Tuesday, November 20, 2012

I now repent: caribou vs. development

Transnational networks of oil rush under our feet every day. Millions of barrels. Does the presence of pipelines affect activity above ground?

I'm writing an article about pipeline construction in my state, and I've been interested in that very question. Can pipelines can affect local wildlife in the long-term? Other than at large pumping stations, it shouldn't have a huge impact (unless that oil or gas surfaces, of course). But maybe so.


In order to inspect their lines, companies clear their right-of-way of brush. This is great for general pipeline safety (although in some wetland-type areas — like in the picture above — plants grow so fast they quickly cover the area back up), but it ends up fragmenting habitat and increasing the matrix, which certain species really, really don't like. My ecology professor just taught us how ovenbirds won't build nests near the forest edge, for instance. Now, does the 50-foot right-of-way like the one shone above really make a difference for wildlife abundance? The ovenbird would say yes. Does the ovenbird get a say?
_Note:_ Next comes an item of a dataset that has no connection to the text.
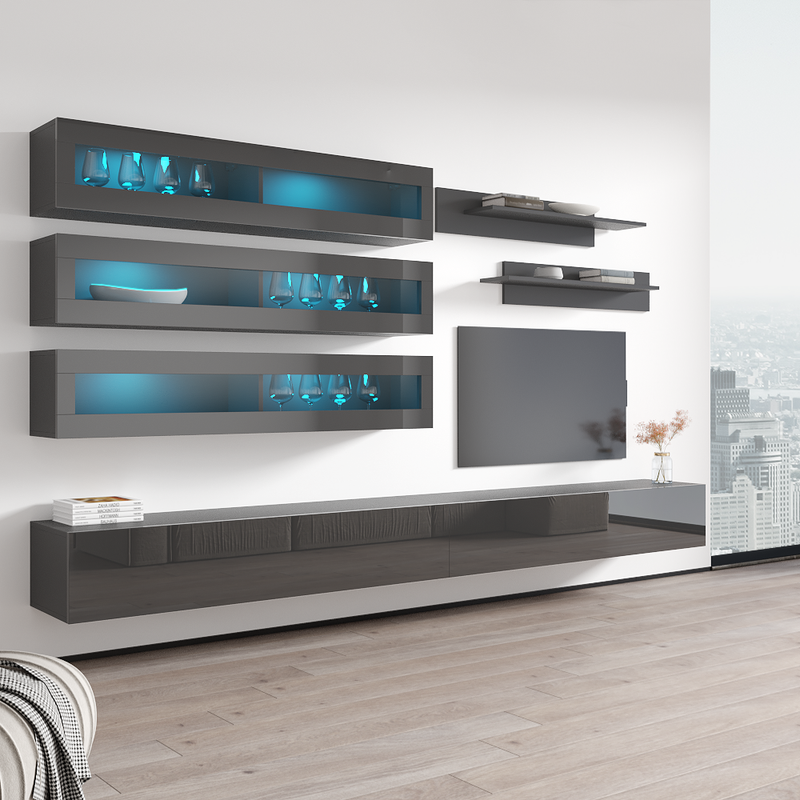 Fly J 30TV Floating Entertainment Center - Meble Furniture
In Vancouver, wildlife managers are faced with the question, "Caribou, wolves or development?"

The article is light on the particulars of exactly how much land will be "opened up" by a pipeline itself, but DeSmogBlog did a decent job showing how oil sands territory in Alberta overlaps caribou habitat. Smaller habitat area correlates with smaller populations, so it would stand to reason that caribou numbers are decreasing. Now, it seems, the provincial government's solution is to kill off predators, which weren't really doing harm in the first place. So it seems, from my U.S. perspective, Alberta is solving species decline with more species decline.

It's a mess. And when you step back, both the pipeline and the predator problems trace to the tar sands, and when you step back even further it leads right back to us, unwilling to consume less fossil fuels.

Let's repent. "Give dirt to me/I now lament." The Pixies are more relevant than ever.